I hope to be transitioning out of what was one of the worst weeks of my adult life.

Last Monday, I lost my job. Now, I was in great company; I was laid off with more than half of the company. But this was a great job. It was a very welcome part of my identity that I was a manager at a start-up that was planning to solve the energy crisis. I managed a great team. Now they're all looking for work too.
Thanks to everyone who said nice things about my bouncing back. Of course I will. And in the meantime I have unemployment insurance. Thanks to you, too, Massachusetts.

On Wednesday my boyfriend and I decided to stop seeing each other. He couldn't commit to loving me and I couldn't deal with no love. I kind of thought that he was the perfect guy for me, but as it turns out, he is terrified of making a decision that could have an impact on the rest of his life. My heart is broken into a million shards, but I don't blame him. Sometimes, you just don't feel what the other person feels. Also, he lost his job last Monday, and I know how different life looks, and how bleak, right now.

If you add on top of that the cabin fever I've had because we've had all of the snow, and the fact that heat is expensive so the apartment is never warmer than 60 degrees (which is lovely outside, but TOO DAMN COLD inside), it's just been kind of awful.

I know that right now, thousands of people are calling the unemployment office, and not getting through. I know that people are wondering how they'll run their cars, how they'll feed their kids, how they'll find work in a broken economy. I'll be fine, but every day for the last week I've spent some amount of time crying and cursing my current situation. I've spent time being sorry and ashamed and confused and wondering if I'll ever have a life I can feel stable in, and a partner I can trust to stick.

Monday, January 12, 2009

How dark is this place?

So, I just got laid off. Just now. Walked to my desk, escorted to my car; the whole deal...
Shock.

Ego bust.

I actually LOVED that job and the people there. It's tough to find that kind of magic.

I'll be fine. Of that I have no doubt. Grrrrrrr. This will take some getting used to. Well, not getting used to, but some figuring out, anyway.

Thursday, January 8, 2009

Right and wrong

How to cross the street the wrong way:
Grab me between my elbow and shoulder. If you do this, and you're not a blind, old person, please expect me to rain down the pain. I do not enjoy being goon-handed. I kick high and I kick hard.

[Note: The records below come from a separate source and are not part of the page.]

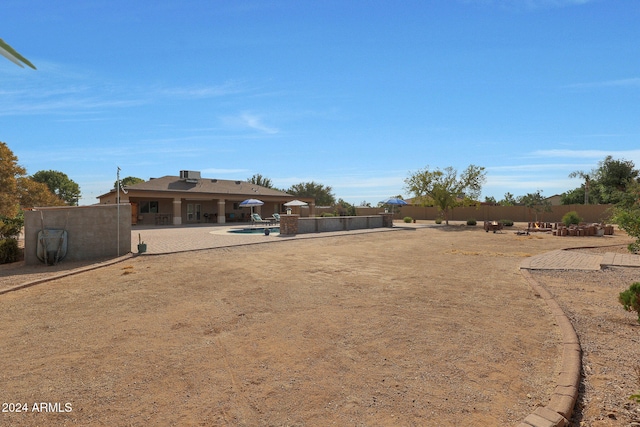 view of yard featuring a patio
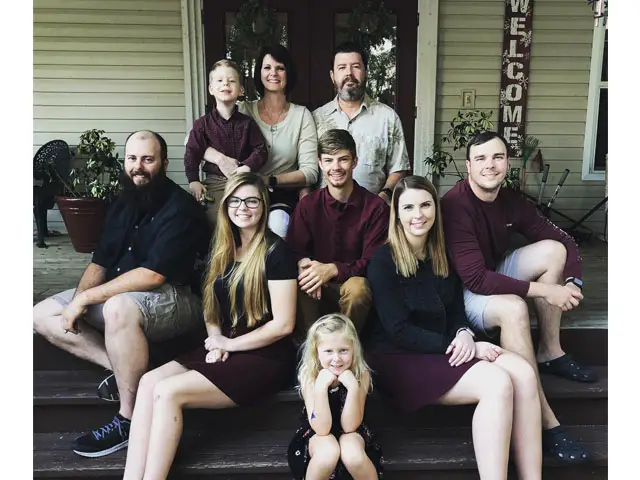 Photo of Mary Jane Williams and her family.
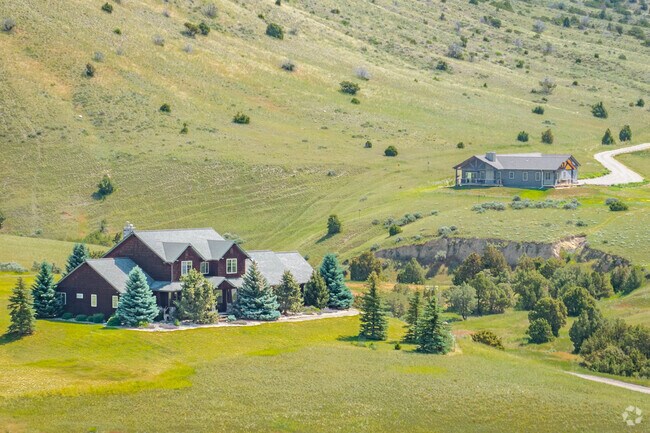 Homes in Gallatin River Ranch sit on lots of up to 22 acres with space for plenty of additions.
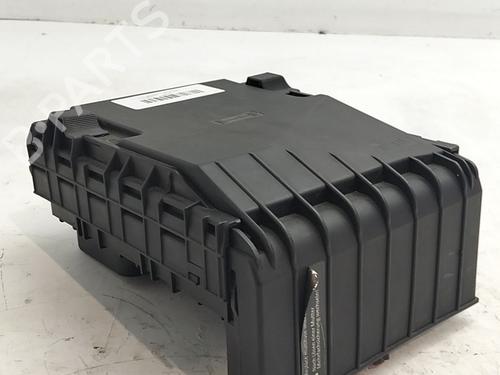Fuse box VW GOLF V (1K1) 2.0 TDI | BP39429553E1 - Image 3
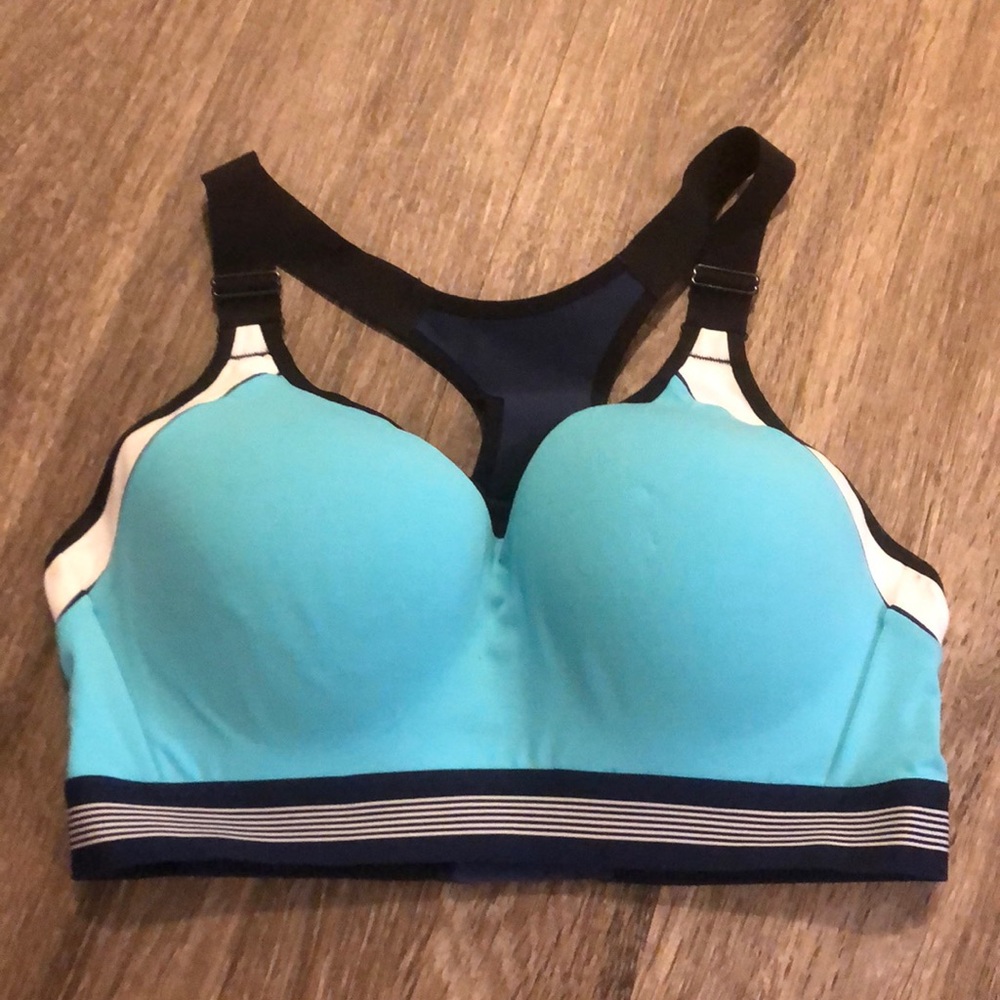 Victoria Secret Sports Bra
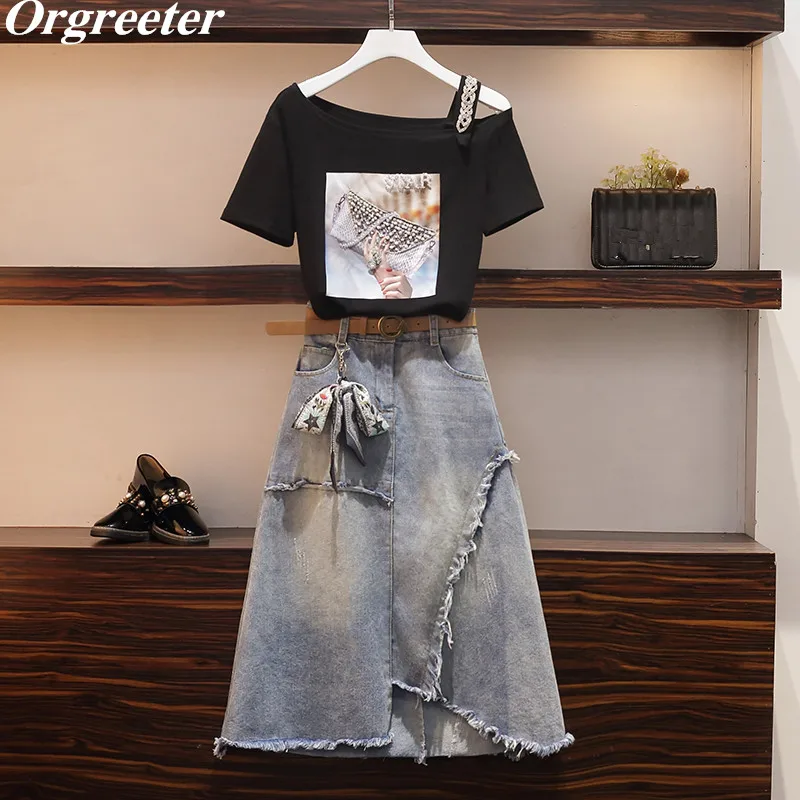 Женский комплект из 2 предметов черная футболка с вырезом лодочкой и принтом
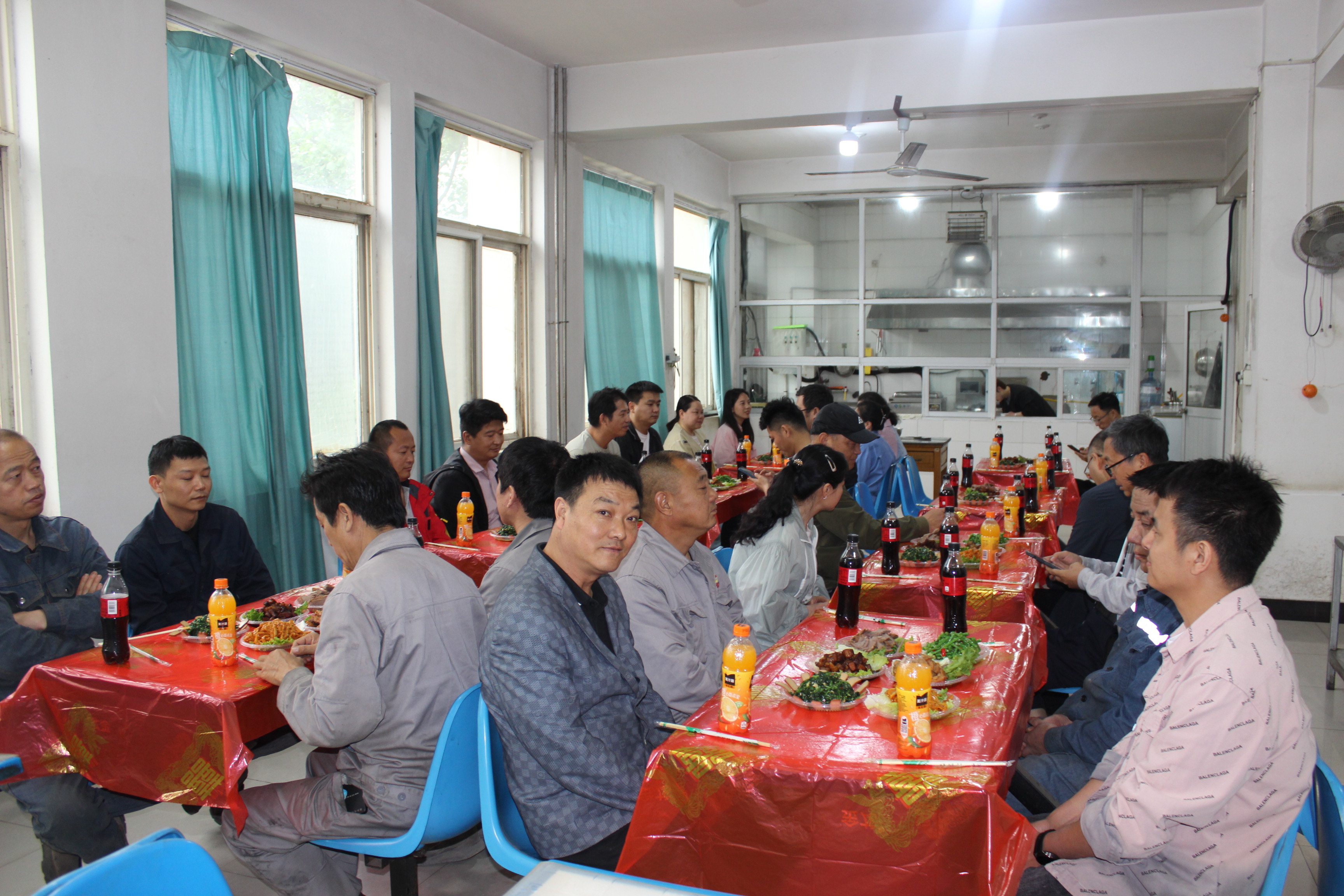 咸阳华光窑炉设备有限公司21周年庆典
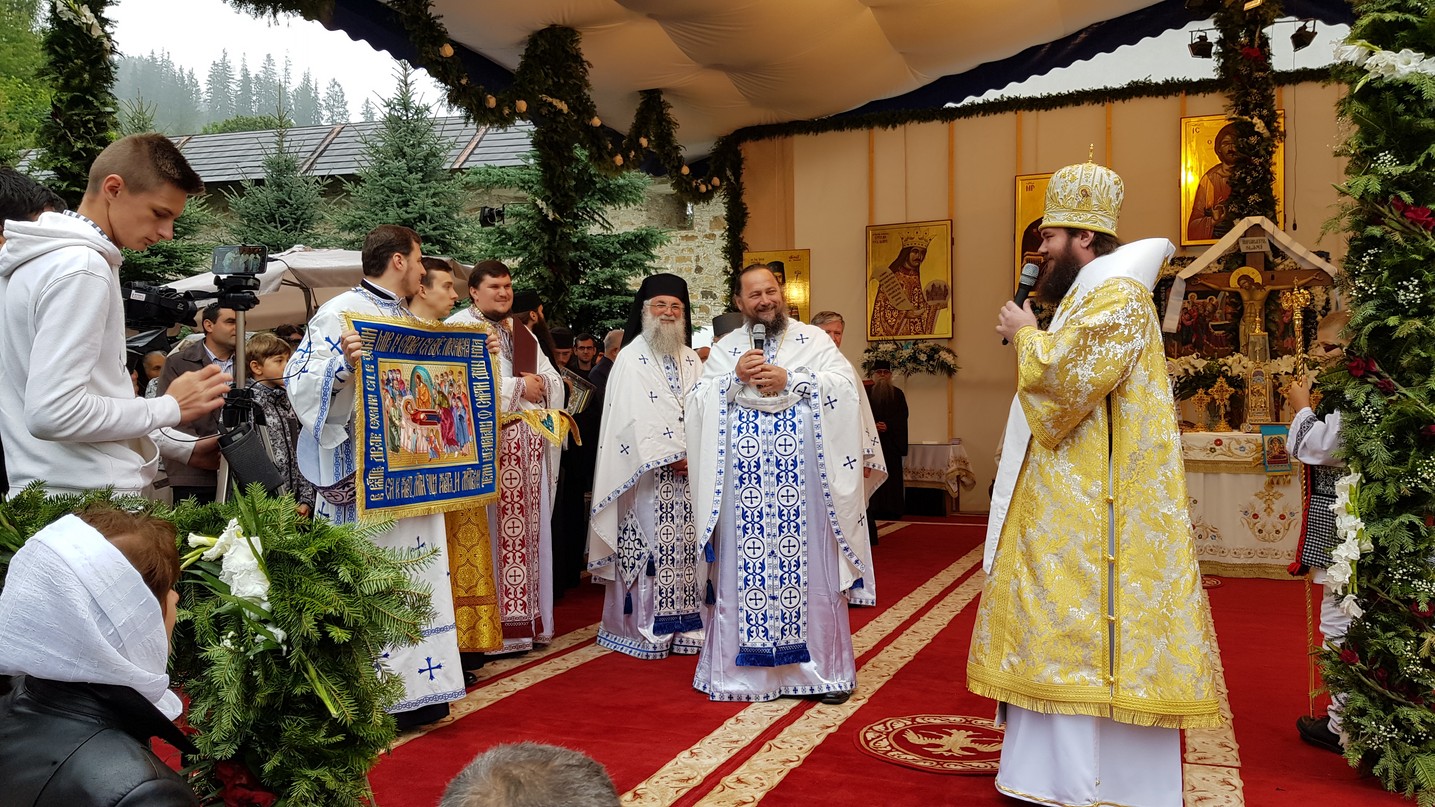 Hramul cel mare al Putnei: „O numim Maica Domnului și avem credință că este și Maica noastră a tuturor”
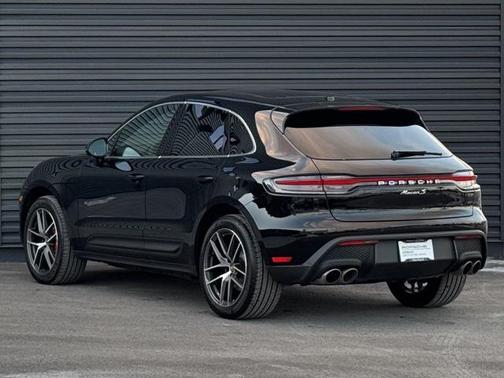 2025 Porsche Macan S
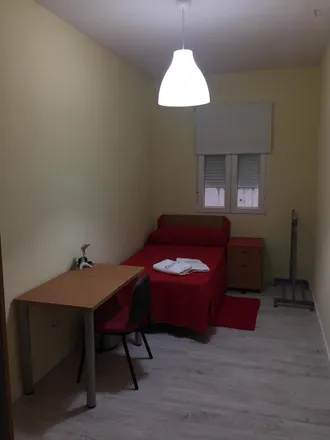 Rent this 5 bed room on Madrid in Paseo de Santa María de la Cabeza, 8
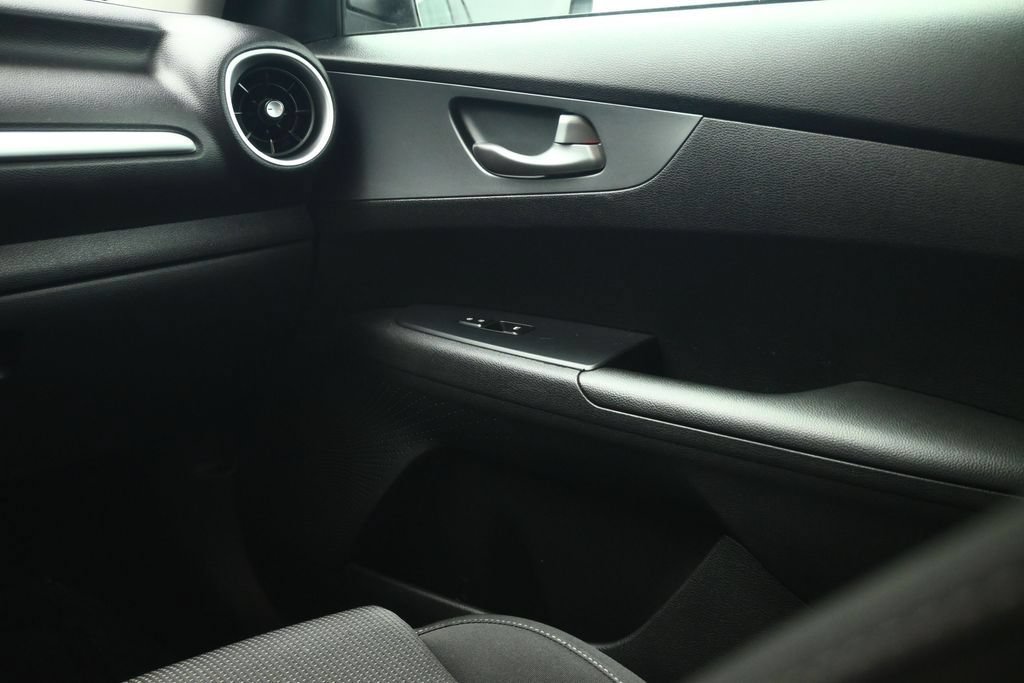 Used 2020 Kia Forte LXS FWD image 45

How to cross the street the right way:
Hold my hand.


That is all.



(No, wait! It's not all! Completely unrelated to streets and goon-handing: Daylight Saving(no "s") Time officially starts in 8 weeks. YES! That is all.)

Tuesday, January 6, 2009

Pity me not

I am now, officially, too old for it to be possible for me to have a baby at the same age my mom had her first child.
My mom, who I thought was SO OLD she was practically dessicated when I was a toddler. SO OLD that she might break a hip if I looked at her with too much intensity. SO OLD that she may have once had a hot hot affair with Charlemagne...

And me? Why, I'm pretty sure I was 17 about an hour ago. Remember? When I stuck those Pretzel Stix up my nose at lunch? Or when I giggled my way through a meeting last week because I was NOT wearing underwear? Or when I doodled monkeys having sex on my electric bill? Or tried to get the cats to drink some of my dirty martini?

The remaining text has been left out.